09.04.2019 kein Seminar
16.04.2019 kein Seminar
23.04.2019 Speaker: Giulio Bresciani (FU Berlin)
Title: Essential dimension and pro-finite group schemes
Abstract: The essential dimension of an algebraic group is a measure of the complexity of its functor of torsors, i.e. $H^1(-,G)$. Classically, essential dimension has only been studied for group schemes of finite type. We study the case of pro-finite group schemes, and prove two very general criteria that show that essential dimension is almost always infinite for pro-finite group schemes: It does not provide much information about them. We thus propose a new, natural refinement of essential dimension, the fce dimension. The fce dimension coincides with essential dimension for group schemes of finite type but has a better behaviour otherwise. Over any field, we compute the fce dimension of the Tate module of a torus. Over fields finitely generated over $\mathbb{Q}$, we compute the fce dimension of $\mathbb{Z}_p$ and of the Tate module of an abelian variety.

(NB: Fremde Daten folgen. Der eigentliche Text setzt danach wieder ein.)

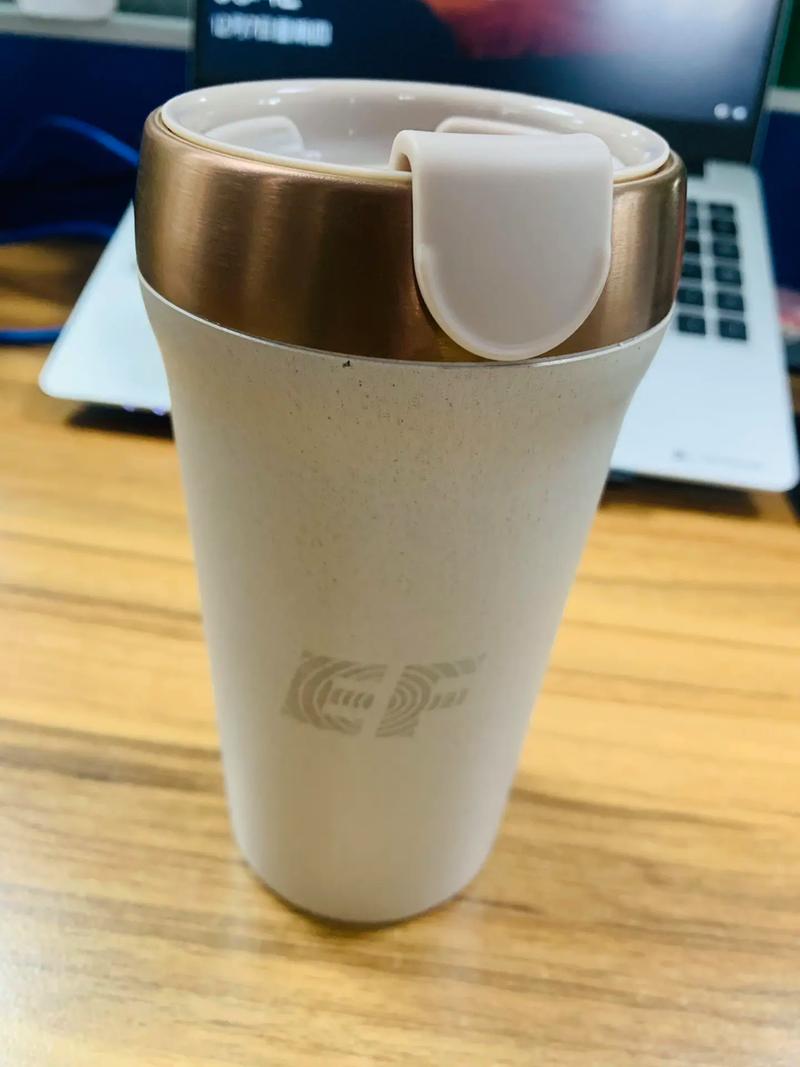 抖音的杯子什么梗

30.04.2019 Workshop D-Modules and the Riemann-Hilbert Correspondence (29. April - 03. Mai, Berlin-Brandenburgische Akademie der Wissenschaften)
07.05.2019 Speaker: Johan Commelin (U Freiburg)

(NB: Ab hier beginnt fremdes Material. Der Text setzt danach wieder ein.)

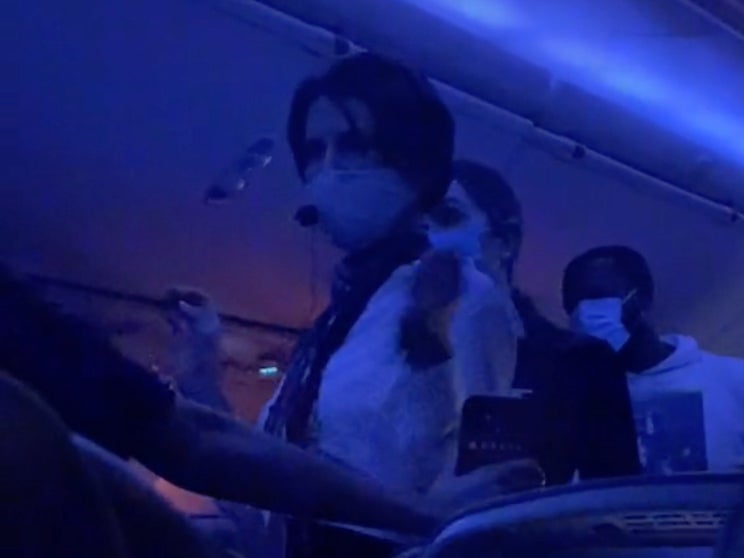 Anti-vaxxer Takes Microphone Mid-flight And Rants About Covid In TikTok ...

Title: On the cohomology of smooth projective surfaces with $p_g = q = 2$ and maximal Albanese dimension
Abstract: In this talk I will report on a joint project with Matteo Penegini (Genova). The second cohomology of a surface S as mentioned in the title splits up as a sum of two pieces. One piece comes from the Albanese variety. The other piece looks like the cohomology of a K3 surface, which we call a K3 partner X of S. If the surface S is a product-quotient, then we can geometrically construct the K3 partner X and an algebraic correspondence that relates the cohomology of S and X. Finally, we prove the Tate and Mumford-Tate conjectures for all surfaces S that lie in the same connected component of the Gieseker moduli space as a product-quotient surface.
28.05.2019 Speaker: Ezra Waxman (U Prague)

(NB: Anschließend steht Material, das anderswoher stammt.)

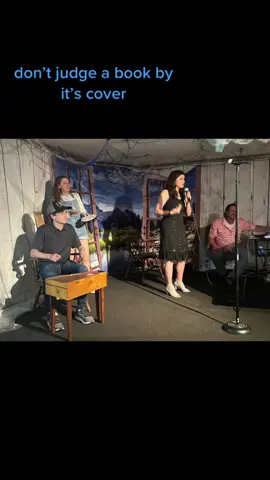 @akbadgett #tuesdayswithbadgett23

Title: Hecke Characters and the L-Function Ratios Conjecture
Abstract: A Gaussian prime is a prime element in the ring of Gaussian integers $\mathbb{Z}[i]$. As the Gaussian integers lie on the plane, interesting questions about their geometric properties can be asked which have no classical analogue among the ordinary primes. Hecke proved that the Gaussian primes are equidistributed across sectors of the complex plane by making use of Hecke characters and their associated L-functions. In this talk I will present several applications obtained upon applying the L-functions Ratios Conjecture to this family of L-functions. In particular, I will present a refined conjecture for the variance of Gaussian primes across sectors, and a conjecture for the one level density across this family.
02.07.2019 Speaker: Yuri Bilu (U Bordeaux)
Title: Singular units do not exist
Abstract: It is classically known that a singular modulus (a j-invariant of a CM elliptic curve) is an algebraic integer. Habegger (2015) proved that at most finitely many singular moduli are units, answering a question of Masser (2011). However, his argument, being non-effective, did not imply any bound for the size of these "singular units". I will report on a recent work with Philipp Habegger and Lars Kühne, where we prove that singular units do not exist at all. First, we bound the discriminant of any singular unit by $10^{15}$. Next, we rule out the remaining singular units using computer-assisted arguments.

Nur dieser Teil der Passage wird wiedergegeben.